Railway line in Sri lanka

Uda Pussellawa Railway (UPR) or Udupussallawa Railway (Sinhala: උඩුපුස්සැල්ලාව දුම්රිය මාර්ගය Uḍupussællāwa Dumriya Mārgaya) was a narrow gauge railway line that existed in Ceylon (now Sri Lanka) between 1903 and 1948. The line connected Nanu Oya railway station with Ragala via Nuwara Eliya.

==History==
The closest station to Nuwara Eliya on the existing heavy gauge railway line (Main Line) was Nanu Oya railway station. The distance from Nuwara Eliya to Nanu Oya was approximately 6.4 km and colonial planters in Nuwara Eliya faced many difficulties when transporting goods from Nanu Oya to Nuwara Eliya. They asked for a railway track from Nanu Oya to Nuwara Eliya from the British governor Sir West Ridgeway, who was on a trip to Nuwara Eliya on 25 April 1895. Considering their appeal initial work on the track was commenced in November 1900. The first stage up to Nuwara Eliya was completed and opened on 14 December 1903 by Sir Henry Blake, Nuwara Eliya to Kandapola on 21 December 1903 and the final stage from Kandapola to Ragala was completed in July 1904. The cost of construction was about £5,500 per mile and is equivalent in purchasing power to about £412,098.49 or Rs 88,358,036.72 per kilometer in 2019.

==Infrastructure==
The line was constructed in gauge. The total length from Nanu Oya to Ragala was 31 km, and five main railway stations were built on the line: Blackpool, Nuwara Eliya, Kandapola, Brookside and Ragala. The highest elevation on the line was at Kandapola railway station. Its elevation was 1,925 m above sea level.

==Rolling stock==
The first steam engine to run on this line was imported in 1902 from the Fast Stewart company in England. The famous CGR class H1 steam engine has also performed on this line for a few years.

==Operations==
In 1920 five goods trains and eleven mixed trains were operating on this line. There was a special luxury compartment for governor's journeys.

==Decline and closure==
In the 1940s transportation by lorries was getting popular and demand for the railway transport was gradually decreasing. Road transport in this area became faster than railway transport. So the services on the line was incurring losses day by day.

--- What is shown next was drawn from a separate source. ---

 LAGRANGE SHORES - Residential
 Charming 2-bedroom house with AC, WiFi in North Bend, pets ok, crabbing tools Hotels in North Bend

In January 1940, all passenger services were withdrawn and only two freight trains were in operation between Nanu Oya and Ragala.

Considering the operational difficulties, the government decided to abandon this line. In 1942, the first stage from Nanu Oya to Nuwara Eliya was removed, and later in 1948 the remaining part up to Ragala was removed. On 2 August 1948 all services were withdrawn and the line was completely removed.

==Former stations==
The Udupussallawa line had five stations: Blackpool; Nuwara Eliya; Kandeppola; Brookside and terminating at the Ragala railway station.

Although the railway line was removed the former railway station buildings were not removed and parcel transfer services were conducted from these stations for many years following the closure. Some ruins of these stations can be seen even today. Some are used as government offices.